Figure 5d reveals that, before the maximum spreading, $Bo\approx 0.5$ in the Leidenfrost state for both water and ethanol, while $Bo$ marks 1.2 on the SHPB surface. In both cases, $Bo$s are not constant but increase with time and slightly decrease during the spreading phase. In the following contracting phase, $Bo$ increases again in both cases due to the rim thickening.

By comparing with the impact on a solid surface at room temperature with no surface modification [23], we clarify that the increasing behavior of $Bo$ in the spreading phase was reproduced here on both the SH and SHBP surfaces. However, they are different in quantitative manner: On the normal surface, the maximum $Bo$ is 2.5, while on SHPB surface it decreases to 1.2. On SH surface, the $Bo$ further decreases to 0.5, which is almost the same as the one obtained on a free surface of a deep pool.
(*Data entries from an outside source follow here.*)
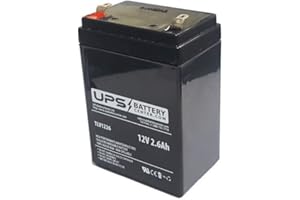 UPS BATTERY CENTER Behringer EPA40 BAT1 Replacement Battery for Portable PA System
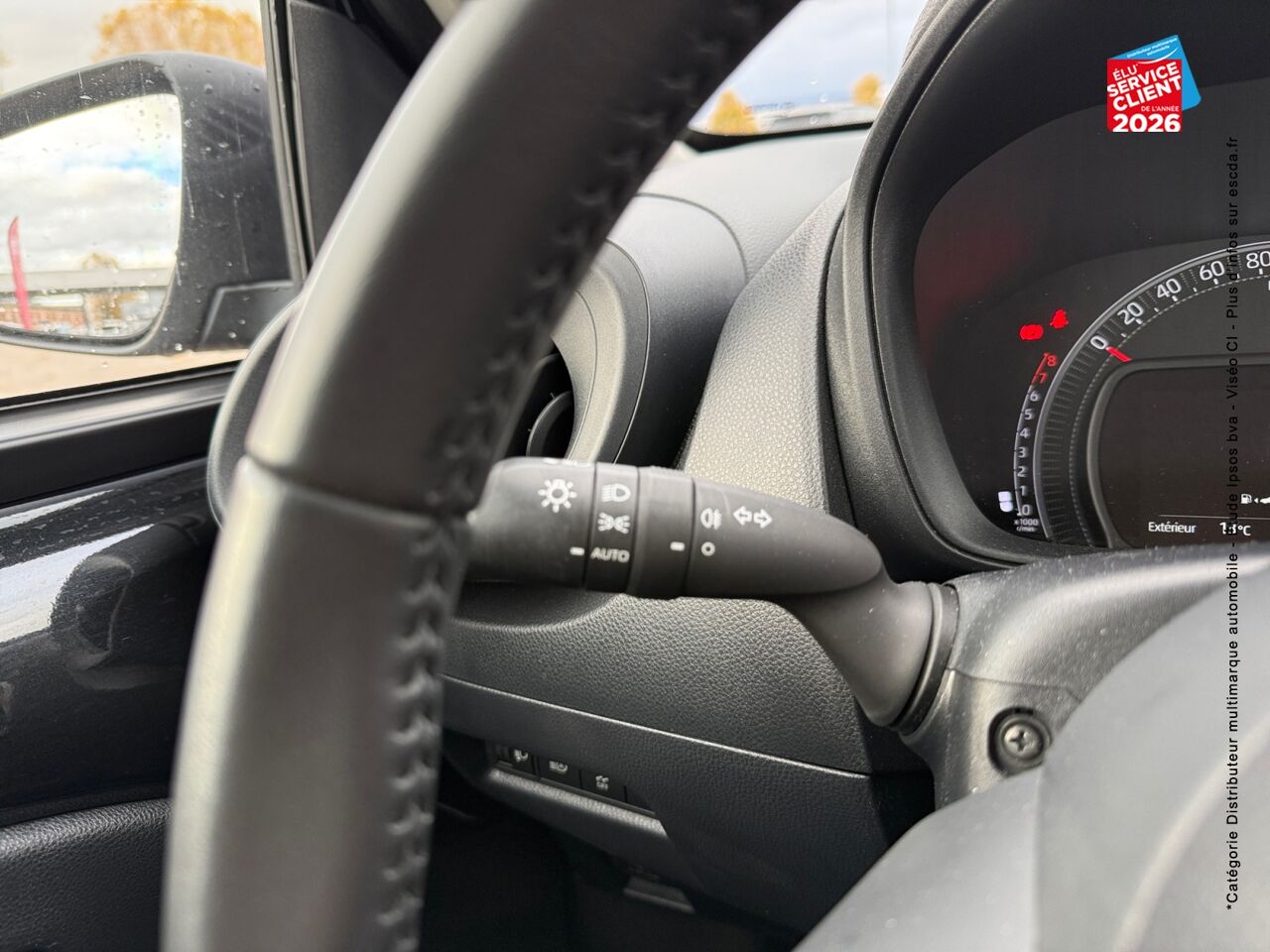 chez Toyota Sarreguemines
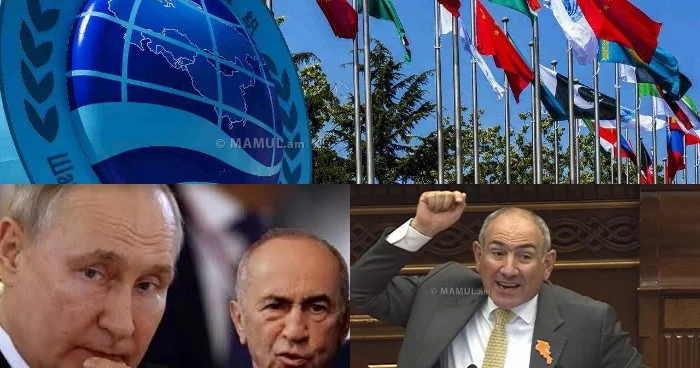 Putin seçki ilə bağlı təbrik etmədiyi Paşinyanla görüş ərəfəsində Köçəryanı təbrik etdi, “sınaqlar qarşısında dözüm” arzuladı...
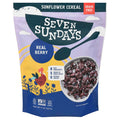 6-PACK OF CEREAL SPECIAL SUNFLOWER, REAL BERRY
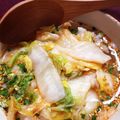 くあん's cooksnap of when they made 簡単！キムチ茶漬け.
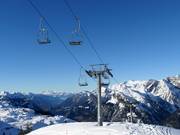 Obermoos - 2pers.| Seggiovia ad agganciamento fisso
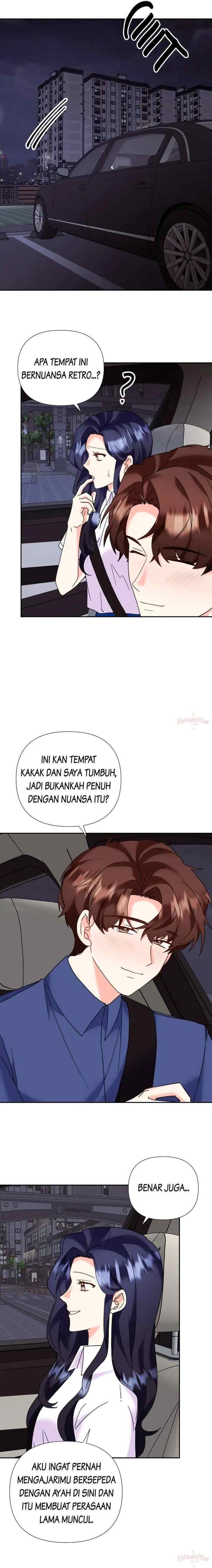 Marriage Agency chapter 51 halaman 6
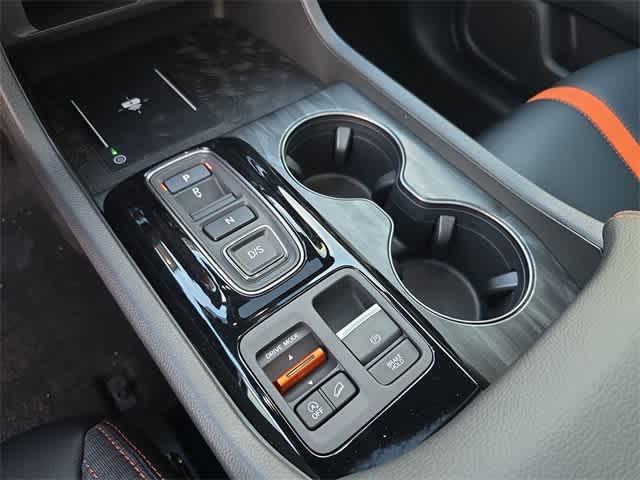 new 2026 Honda Passport car, priced at $48,185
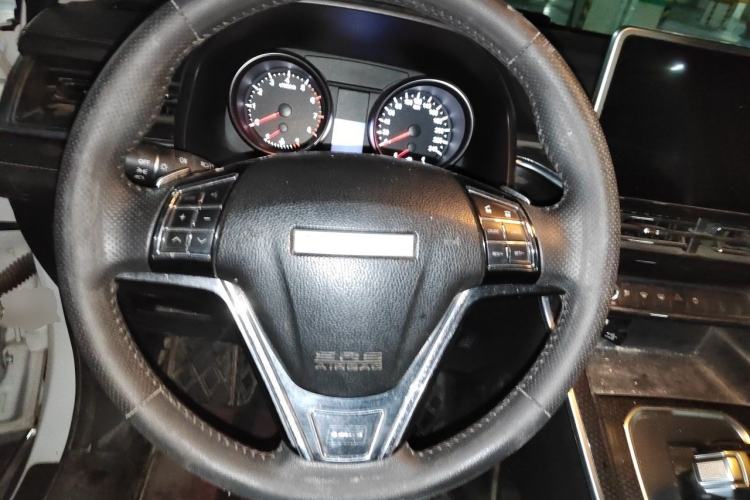 Used Haval M6 2021 PLUS 1.5T DCT Luxury Smart Connectivity Model Steering Wheel
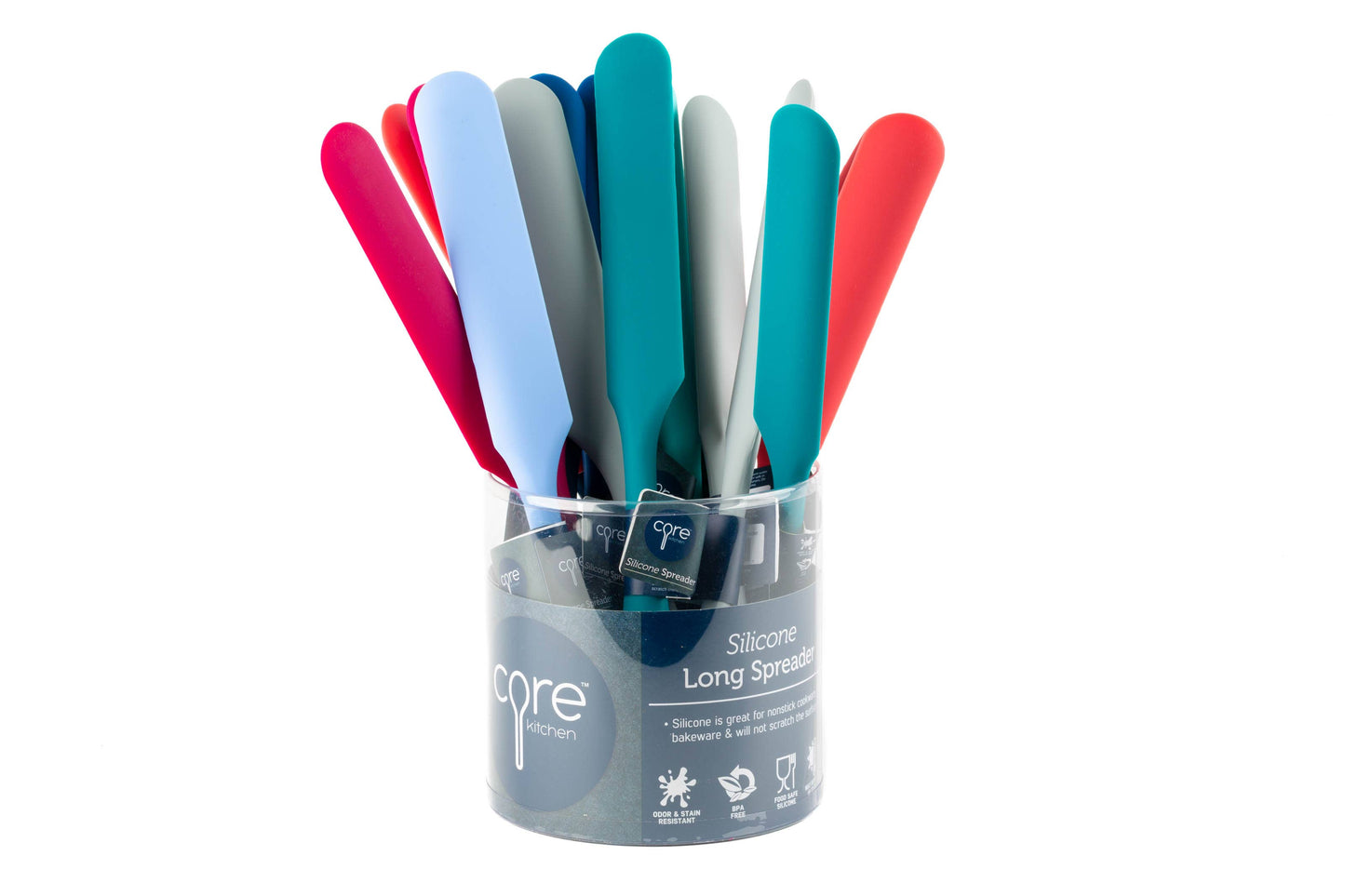 Silicone Long Spreader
3.2. Pinch-Off of the Daughter Drops from the Rim

For generated drops, we applied the PTV method to evaluate the drop diameter, velocity, pinch-off time, pinch-off position, and, more importantly, to identify every drop so that we can avoid double counting in statistical analysis.

Examples of the PTV result are shown in Figure 6 for (a) Leidenfrost state and (b) on SHPB surface. Note that all frames in the initial stage of an impact, taken at 20,000 fps, are superimposed. Outlines of the generated drops are shown by the circles. The color of the circles changes based on the pinch-off order from blue to red, as shown by the color contours. Note that several typical times are also shown in ms on the top by triangles to estimate the pinch-off time.

From Figure 6a, we see, in Leidenfrost state, smaller drops are generated and move away at faster and constant velocities, as described by the constant spacing in the consecutive frames. All the daughter drops flights are on the paths pointing radially outward from the center of the mother drop, with some exceptions originating from merged neighboring fingers in the later stage. On SHPB surface, shown in Figure 6b, the daughter drops are released later and larger. The diameters of drops shown in blue colors in (b) almost correspond to orange or even red ones in (a). It is also noteworthy that on SPHB surface, the spacings between the drops in consecutive frames are shorter, indicating slower flight velocities.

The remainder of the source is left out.